Even though it has been hyped as one of the benefits of
genetic engineering, can we soon grow vaccines and other pharmaceuticals like
crops in an economically viable manner?
By: Ringo Bones
If Prof. Henry Daniel has his way, we would all be soon
growing our vaccines and other pharmaceuticals as easily as we crow corn and
other cash crops. For some years now, Prof. Daniel of University of
Pennsylvania has been growing an experimental batch of genetically modified
lettuce that could eventually lower the cost of dosage of vaccines from
hundreds of dollars a batch to produce to pennies per batch. A 1-acre
greenhouse could produce 350 million doses of plant based vaccines using Prof.
Daniel’s method.
Other benefits of
genetically modified crops that are infused with oft needed pharmaceuticals –
i.e. pharming – is that soon we can manufacture insulin inside a plant cell
that can be viably used as orally taken insulin tablets. Orally taken insulin
tablets were experimented in the mid 1980s via artificially grown protein
crystals that are grown in the weightless conditions of low earth orbit during
NASA’s Space Shuttle program, but with a lack of a “cheap” way to create these
specialized protein crystals, orally taken insulin research was eventually
abandoned as “not economically viable”.
Prof. Henry Daniel joined the faculty of the University of
Pennsylvania School of Dental Medicine back in 2013 is a molecular biologist
with a focus on plants, pursued basic science research after earning his
biochemistry Ph.D. from Madurai Kamaraj University in his native India. Yet he
began to think differently about his work upon recognizing what he perceived as
a human-rights injustice: the sky-high costs of medications taken for chronic
or lengthy illnesses.
“Interferon, a common anti-cancer drug, for example, costs
$30,000 to $40,000 for a four-month treatment, and a third of the global
population earns $2 or less a day” Daniel says. “To me, there is something
morally not right about that. If you have something that saves lives, you have
an obligation to make it available to everyone.”
Prof. Daniel’s outside of the box thinking has turned
lettuce leaves into drug delivery systems, with results that have the potential
to make disease treatment and prevention to most of the global population. Now
at Penn, Prof. Daniel is working to take his plant based medicine platform from
the lab to the clinic and to begin saving lives.
Prof. Daniel’s platform addresses a shortcoming in vaccine
production, because vaccines contain pathogens – even if they are killed or
inactivated – they must be refrigerated to ensure that the organisms don’t
reproduce and pose threats to people receiving the inoculations. So if Prof.
Daniel “sidesteps” the cold chain problem of vaccine production and
distribution by “genetically manipulating” plants to become room temperature
vaccines.
Plants have several properties that lend themselves well to
producing and carrying biomedical molecules in the body. First, their cells are
totipotent, in other words, all the different tissues of a plant can be grown
starting from a single cell in a culture dish. This characteristic enables
scientists to make modifications to one plant cell and from that grow a plant
to which every cell has those modifications.
Plant cells also have fibrous walls made of cellulose which
cannot be broken down by human enzymes, though they can be digested by microbes
that reside inside in the gut. This feature enables therapeutic proteins produced
inside plant cells to travel partway through our digestive systems before being
released in the intestines, where they can disseminate into the bloodstream.

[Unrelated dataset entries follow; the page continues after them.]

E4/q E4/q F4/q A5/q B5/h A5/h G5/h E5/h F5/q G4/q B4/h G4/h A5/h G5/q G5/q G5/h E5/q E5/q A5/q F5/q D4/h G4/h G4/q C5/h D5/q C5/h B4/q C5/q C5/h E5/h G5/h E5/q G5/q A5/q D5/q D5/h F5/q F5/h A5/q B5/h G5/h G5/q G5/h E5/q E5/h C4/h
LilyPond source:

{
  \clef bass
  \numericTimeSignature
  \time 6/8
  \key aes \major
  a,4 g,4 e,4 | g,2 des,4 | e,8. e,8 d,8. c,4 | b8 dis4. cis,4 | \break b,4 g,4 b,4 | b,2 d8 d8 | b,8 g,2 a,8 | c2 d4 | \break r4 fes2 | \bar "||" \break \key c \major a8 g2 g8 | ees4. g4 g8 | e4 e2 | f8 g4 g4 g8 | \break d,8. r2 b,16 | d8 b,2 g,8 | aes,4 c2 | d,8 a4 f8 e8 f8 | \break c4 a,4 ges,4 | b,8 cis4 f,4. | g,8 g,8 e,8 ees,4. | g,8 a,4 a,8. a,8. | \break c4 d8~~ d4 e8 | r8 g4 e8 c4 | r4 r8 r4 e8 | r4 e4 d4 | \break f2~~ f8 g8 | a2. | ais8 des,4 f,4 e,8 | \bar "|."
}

In addition, because plants are commonly consumed as foods,
most people won’t be allergic to them as they might to some synthetically
produced drugs that are based on egg proteins – to which a substantial number
of people are sensitive to. And finally, plants can easily be grown; Prof.
Daniel has reported that just an acre of genetically modified tobacco plants,
for example, could produce enough anthrax vaccine / anti-toxoid to immunize
every person in the United States. And it was a batch of genetically modified
tobacco plants that produced the first truly effective anti-Ebola cure – ZMapp.

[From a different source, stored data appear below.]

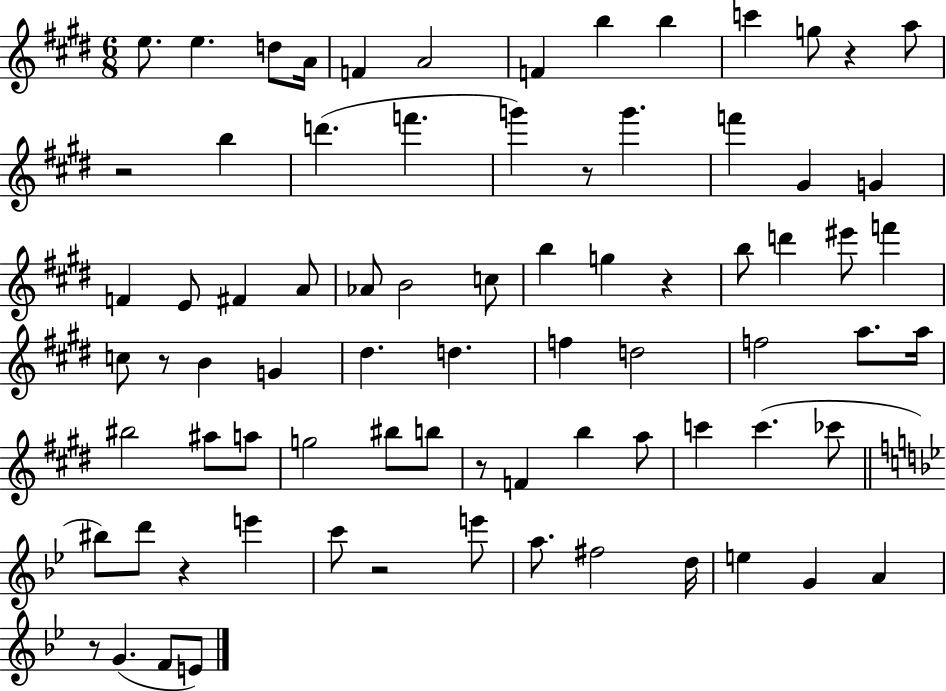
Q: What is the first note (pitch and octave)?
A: E5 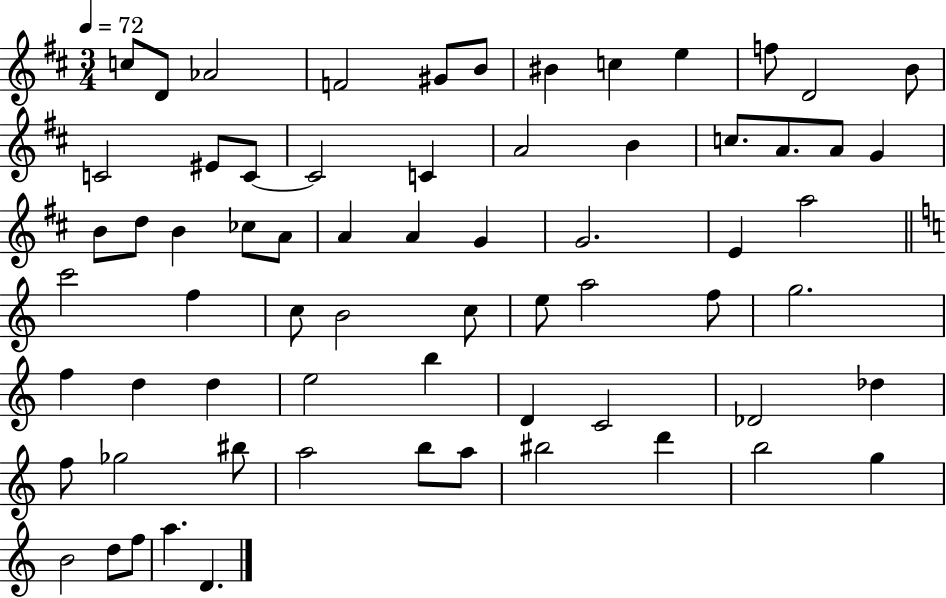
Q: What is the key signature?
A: D major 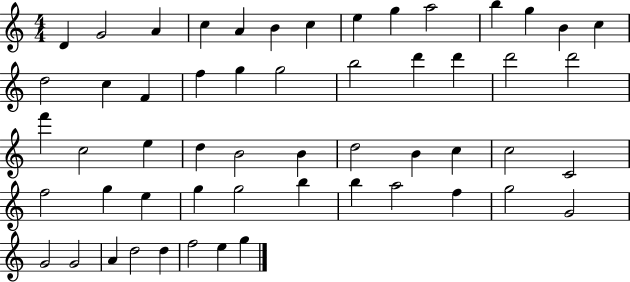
X:1
T:Untitled
M:4/4
L:1/4
K:C
D G2 A c A B c e g a2 b g B c d2 c F f g g2 b2 d' d' d'2 d'2 f' c2 e d B2 B d2 B c c2 C2 f2 g e g g2 b b a2 f g2 G2 G2 G2 A d2 d f2 e g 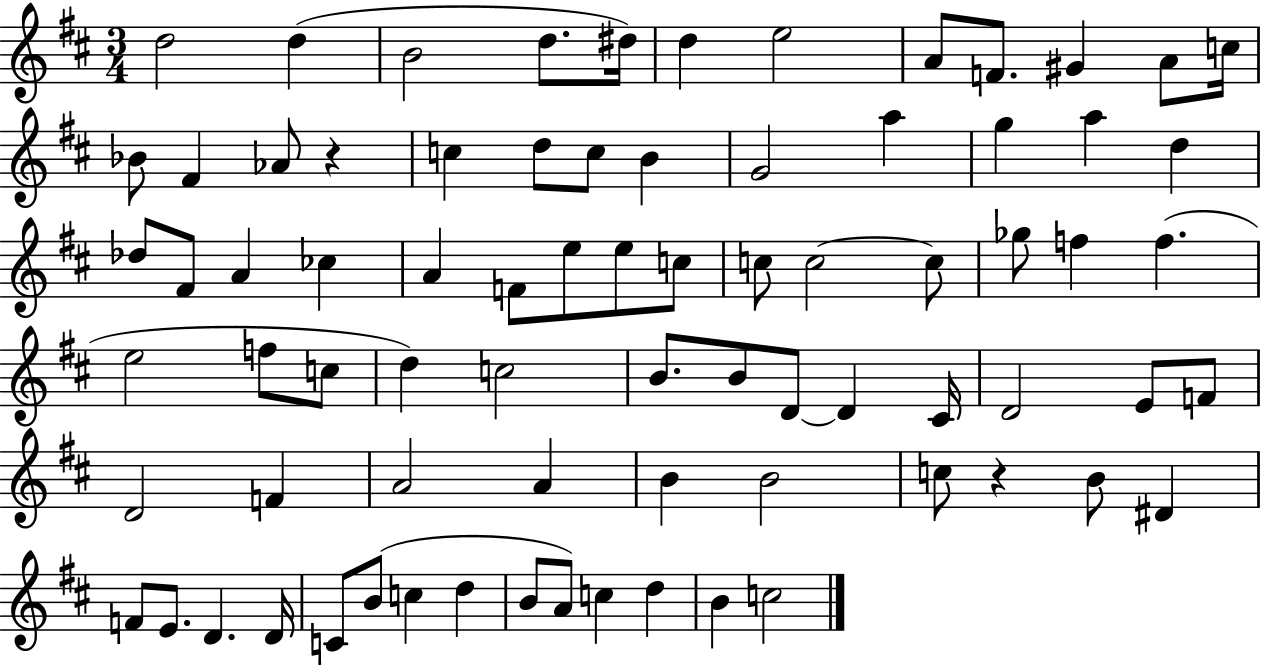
{
  \clef treble
  \numericTimeSignature
  \time 3/4
  \key d \major
  \repeat volta 2 { d''2 d''4( | b'2 d''8. dis''16) | d''4 e''2 | a'8 f'8. gis'4 a'8 c''16 | \break bes'8 fis'4 aes'8 r4 | c''4 d''8 c''8 b'4 | g'2 a''4 | g''4 a''4 d''4 | \break des''8 fis'8 a'4 ces''4 | a'4 f'8 e''8 e''8 c''8 | c''8 c''2~~ c''8 | ges''8 f''4 f''4.( | \break e''2 f''8 c''8 | d''4) c''2 | b'8. b'8 d'8~~ d'4 cis'16 | d'2 e'8 f'8 | \break d'2 f'4 | a'2 a'4 | b'4 b'2 | c''8 r4 b'8 dis'4 | \break f'8 e'8. d'4. d'16 | c'8 b'8( c''4 d''4 | b'8 a'8) c''4 d''4 | b'4 c''2 | \break } \bar "|."
}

Since developing the concept of a plant based vaccine in the
1990s, Prof. Daniel has methodically tested each step – from introducing
proteins into a plant to designating molecular tags to direct the protein from
the gut into the bloodstream or immune system, to harvesting and freeze-drying
the specially engineered plants in capsules. Animal studies have shown this
platform’s power. In 2012, Prof. Daniel and colleagues published a paper in the
Journal of Plant Biotechnology describing the creation of lettuce plants
engineered to express a protein that stimulate the pancreas to produce insulin.
Mice fed capsules of the freeze-dried material produced insulin and had normal
sugar levels in their blood and urine, the appearance of a fundamental cure for
diabetes. What’s more, the capsules could be stored at room temperature for as
long as 15 months and still retain their potency. Similarly, a 2010 publication
in the journal PNAS demonstrated the ability to block severe immune reaction
and death in hemophilic mice. Prof. Daniel’s lab has also developed oral
vaccines against cholera, malaria, anthrax and the plague.